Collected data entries

--- --- ---

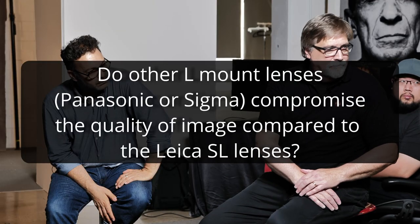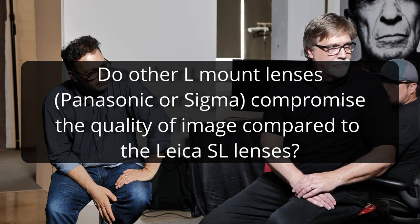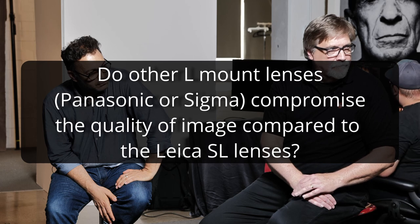Do other L-mount lenses like Panasonic and Sigma compromise the quality of the image compared to Leica SL lenses? All these lenses render differently. They're all very sharp — I've shot a lot of Sigma and Panasonic lenses. The real difference I see is that transition between plane of focus and the foreground and background. How do they render those out-of-focus areas? What does the bokeh look like? It's different from what Leica does.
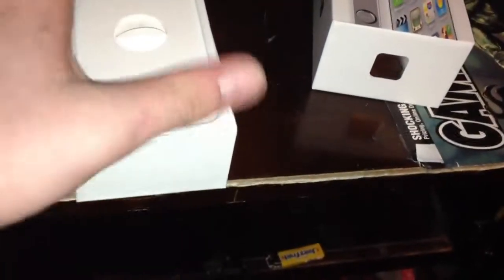Let's unbox it. There's nothing in there since I'm recording it on my iPhone now. But when you get it, the iPhone is sitting perfectly set in this thing. I got the white one, as you can tell by the box. It's a very nice plastic.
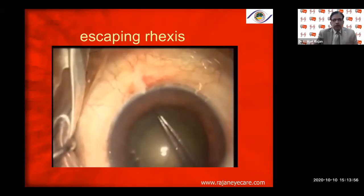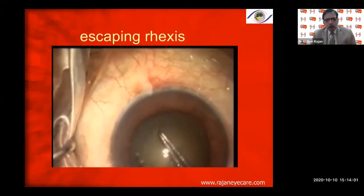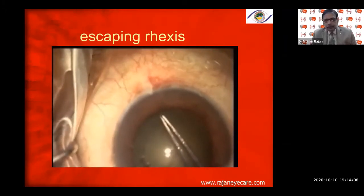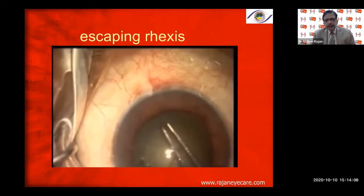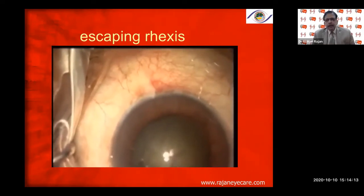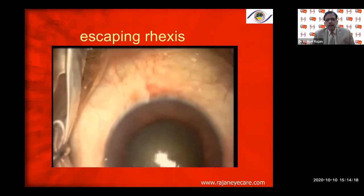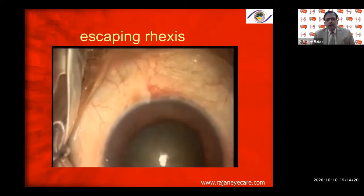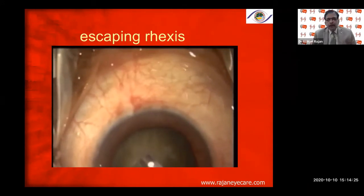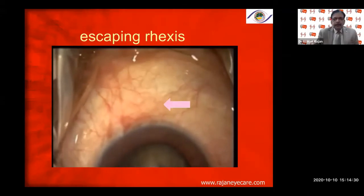When the rhexis escapes to the periphery in the zonular area, you have absolutely no control. Here the rhexis has gone to the periphery — I inject viscoelastic, then a viscoelastic like Viscoat goes and stays there, and I try to pull it towards the center. Always the pull must be towards the center, towards the center of the pupil — what we call centripetal.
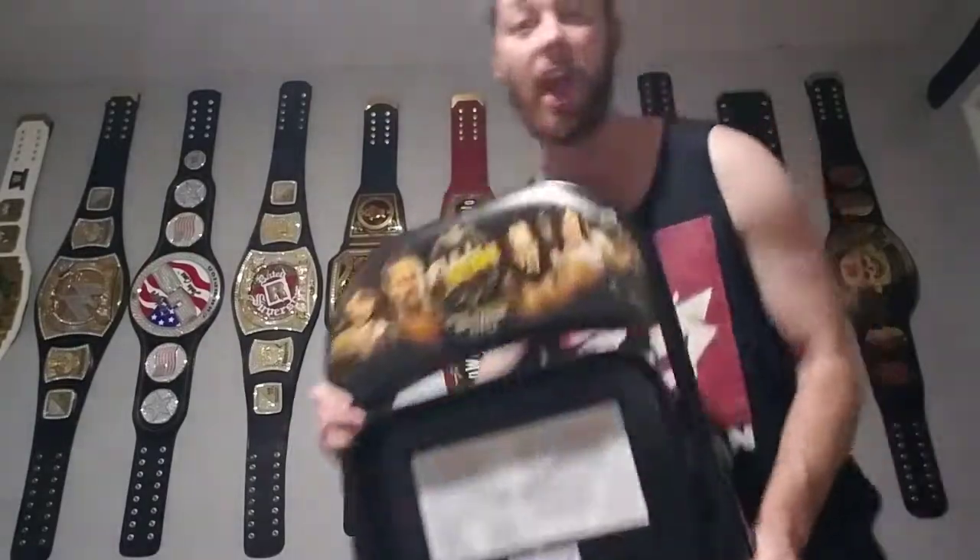Anyways guys, if you enjoyed this episode, let me know in the comments below. Give me a like, comment, and subscribe. And I'll see all of y'all hashtag Burritos Nation later. We don't want no ham and cheese — we just want AEW and burritos, please.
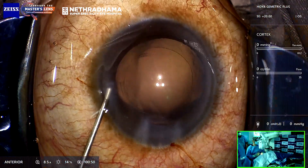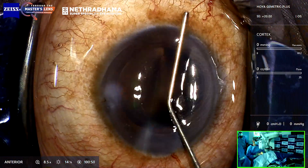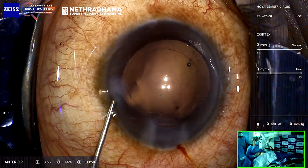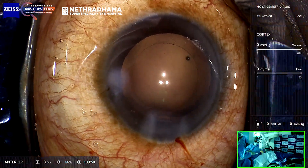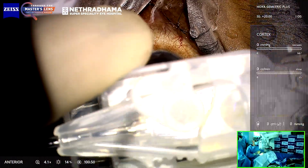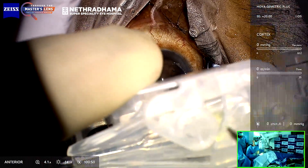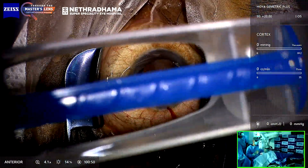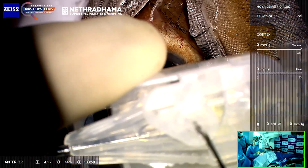If your incision is perfect, as you hydrate the side port you can see the pressure is maintained and the AC is formed very well. This is the Hoya Geometric Plus, which has a differential light distribution — the Geometric has more light distribution for distance, the Geometric Plus has more light distribution for reading. This is the best-in-class injector from Hoya called the multi-sert.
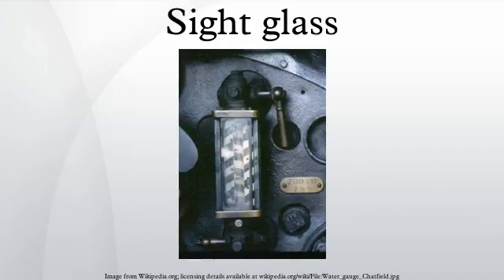In some locomotives where the boiler operated at very high pressures, the tube itself would be made of metal-reinforced toughened glass. It is important to keep the water at the specified level, otherwise the top of the firebox will be exposed, creating an overheat hazard and causing damage and possibly catastrophic failure.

--- --- ---

What you will do
Nothing but the lines from the line containing "If your incision" to the end of the records above should be repeated, exactly and with every picture omitted.

Task solution
If your incision is perfect, as you hydrate the side port you can see the pressure is maintained and the AC is formed very well. This is the Hoya Geometric Plus, which has a differential light distribution — the Geometric has more light distribution for distance, the Geometric Plus has more light distribution for reading. This is the best-in-class injector from Hoya called the multi-sert.
In some locomotives where the boiler operated at very high pressures, the tube itself would be made of metal-reinforced toughened glass. It is important to keep the water at the specified level, otherwise the top of the firebox will be exposed, creating an overheat hazard and causing damage and possibly catastrophic failure.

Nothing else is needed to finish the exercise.